21

Images

The Backdoor Deal

The cardinal they picked, Karol Józef Wojtyla, was the youngest of three children born into a devoutly Catholic household in Wadowice, a small town thirty miles outside Kraków. His father was a noncommissioned army soldier, and his mother, a schoolteacher, died during childbirth when he was eight.1 In 1938, a year before the start of World War II, Wojtyla enrolled in Kraków’s Jagiellonian University where he studied Polish literature, was an avid member of the drama club, and played as goalkeeper on the soccer team.2 When the Nazis and Soviets divided Poland, he avoided deportation to Germany by working at menial jobs the Germans assigned him, including at a limestone quarry, then a chemical plant, and even as a messenger for a restaurant.3 After his father died in 1941, the twenty-one-year-old entered an underground theological seminary and spent the last year of the war studying for the priesthood.4 On August 6, 1944, the so-called Black Sunday on which the Nazis rounded up more than eight thousand young men, he escaped to safety in the palace of Kraków’s cardinal.5,I

After the war, Wojtyla studied for a doctorate at Rome’s Pontifical Athenaeum Angelicum, and he returned to Poland in 1948 as a parish priest in a small town just outside Kraków. He remained in Poland when the country became a full-fledged Soviet satellite in 1952. Wojtyla was a prodigious writer about church history and canon law. As a popular teacher of moral philosophy at Lublin’s Catholic University and at the Kraków seminary, he had a reputation far beyond Poland.7 At thirty-eight, he became the second youngest bishop in the world, and five years later Pope Paul VI elevated him to an archbishop.8 Most parishioners in Kraków thought he was smart and likable.9 And although he was undoubtedly spiritual and a serious scholar, his strong character was forged by his experience as a Polish prelate living under a communist government. To do something in his own diocese, he had to apply for permission to a special government ministry that oversaw all church matters. The freedom of religion taken for granted in America and many Western European countries was still a distant dream for him.

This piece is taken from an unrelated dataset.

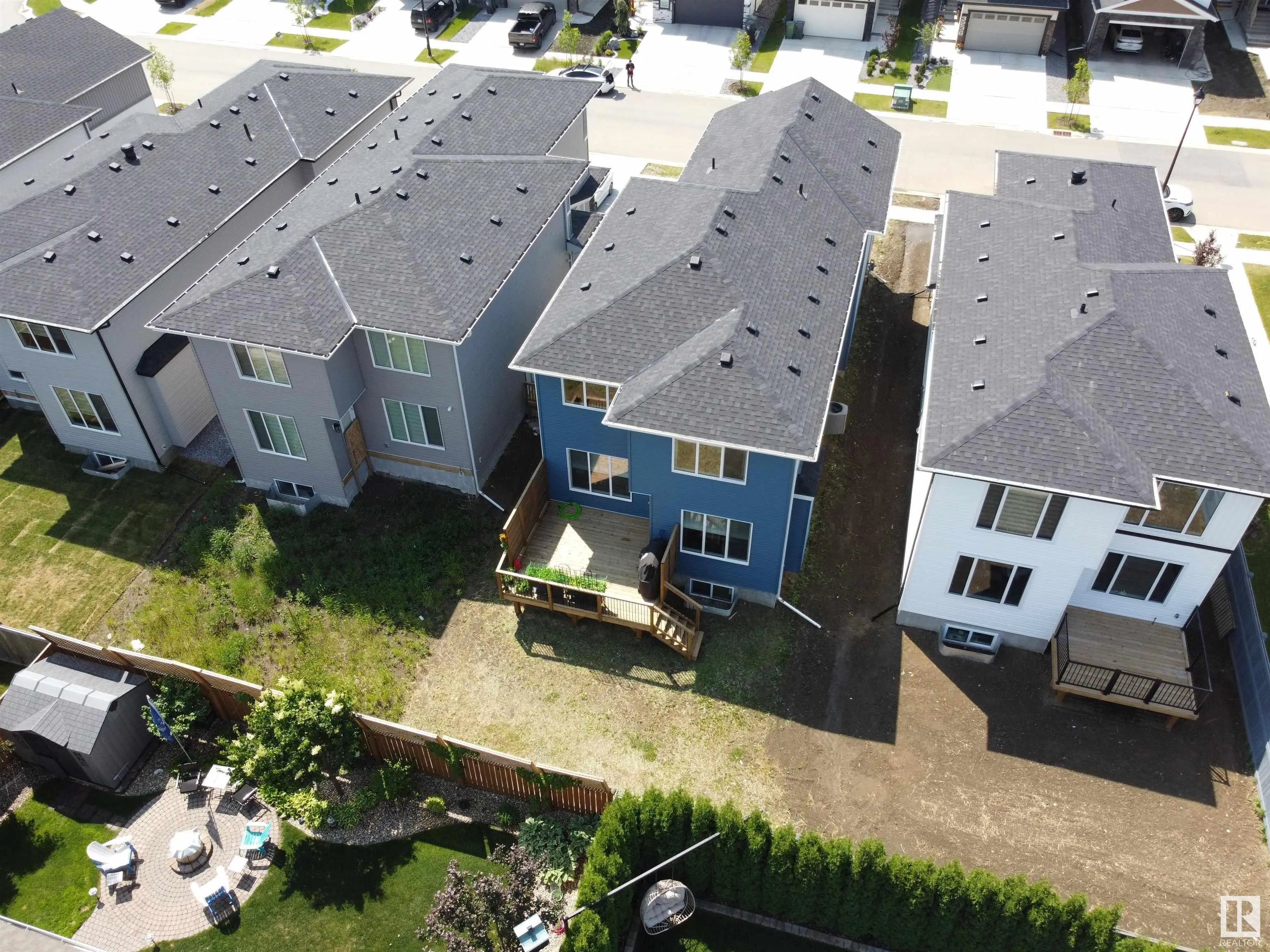 3235 PELERIN Crescent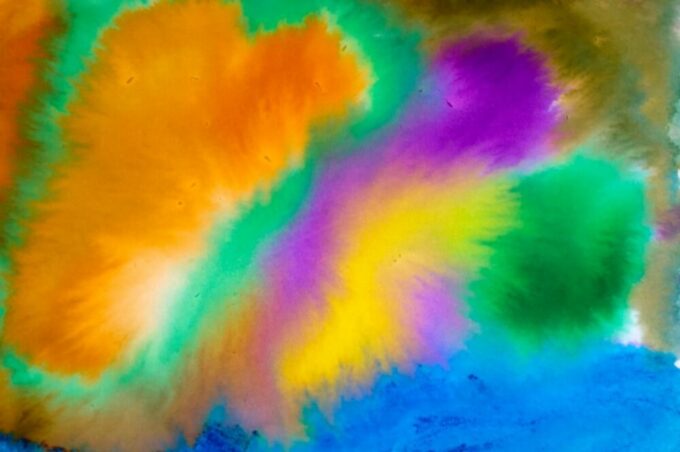 These Helen Frankenthaler Art Projects for Kids introduce us to the woman who smashed through the male-dominated art scene - with color power!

By selecting a cleric from Soviet-dominated Eastern Europe, the cardinals had selected the most fervently anticommunist Pope since Pius XII. Just three days after Wojtyla’s election, the CIA’s National Foreign Assessment Center circulated a four-page confidential memo that concluded that the election of a Polish Pontiff would complicate matters for the Soviet Union and would “undoubtedly prove extremely worrisome to Moscow.”10 And just as Pius XII’s zeal about fighting communism was shared by contemporaneous, secular Western leaders like Harry Truman and Winston Churchill, similarly like-minded heads of state would soon join Wojtyla. Margaret Thatcher began her eleven-year tenure as Britain’s Prime Minister just five months after he became Pope.11 And Ronald Reagan came into office two years later. Reagan and Thatcher would lead the fight to break the Soviet empire. They had Wojtyla’s full support.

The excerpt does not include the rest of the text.